The Treasury Remit is received usually around financial year end.  This goes to the board and finally comes out to the Trade Unions in the form of a draft Offer.  The ISU team met with HO on several occasions through June and July.  We asked for various permutations to be modelled – this means applying different calculations to the pay data to see what the result is.  For example we looked at the impact on shortening the ranges to 13% or 14%.  We look at what will benefit the majority of our membership the most and feed that preference back to the department who either accept it or not.

During this time the details are held strictly as negotiations in confidence.  This enables the Department and Trade Unions to explore various options freely.  At this point only the ISU NEC is aware of the details.

The offer arrives

Once the negotiation phase concludes a formal offer is made to the Trade Unions and published to staff within hours.  There is then a 28 day phase where Unions can meet with their members to discuss the offer. 

And it is paid…

The Common date for the CS pay round is 1st July.  This date is almost never met usually because of delays either in receiving the remit at all or in the Board making their decisions.  Where the payment date is later the offer is “backdated” – the sums missed from preceding months paid all in one go.  The aim is to pay this in the October salaries.

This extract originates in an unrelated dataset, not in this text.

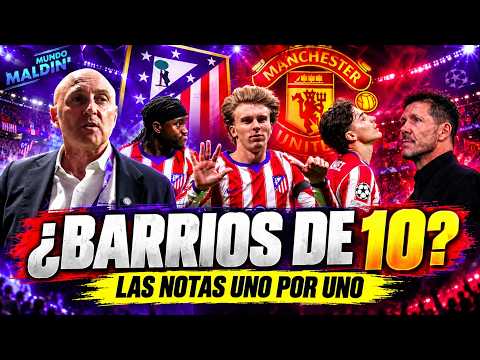 IS PABLO BARRIOS A 10? AND CARDOSO? BAENA, LOOKMAN, JULIÁN... MY PLAYER RATINGS FOR ATLETI VS MAN...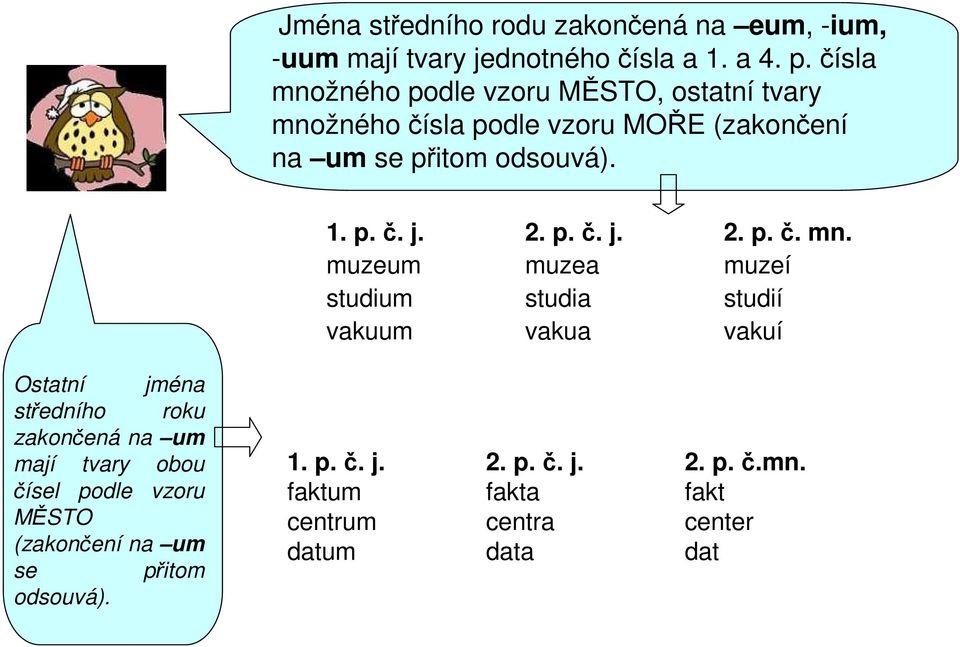 2. p. č. j. 2. p. č. mn.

What this specific offer means….

There are 3 main elements to this offer, and the order in which they are applied makes a difference to the sum eventually received.  We will look at each stage in detail.

Spot rate vs range?

For ISU members base pay is either a spot rate (AAs and AOs) or a range (EOs and above.)  There are some ISU members on specialist pay ranges, for example Scientific Officers in the Finger Print Bureaus.

As part of the 2013 pay deal AAs and AOs moved to a single spot rate (albeit split into 3 pay bands – see later.).  There is no range of salaries, nothing to move through.  Only one single rate.

This wasn’t available for the grades above, predominantly because of the merger with HMRC whose staff were on a significantly higher base salary.  So grades EO – G6 have a pay range.  You normally enter this range at the bottom and through incremental pay rises move gradually to the top.  To encompass the wide range of base points some of these ranges were very long indeed so during the last 6 years efforts have been made to shorten them.  Overly long pay ranges are vulnerable to allegations of age discrimination unless there are measures in place to address them.

And pay bands?

There are 3 separate pay bands; a practice which arose after 2013 when what was then London Location Allowance, and other location allowances, were consolidated into base pay.  The ranges are London, Provincial and National.  Staff who work within the London / greater London area are on London band.  Staff who work very close to London but not quite are on the Provincial band and everyone else on National.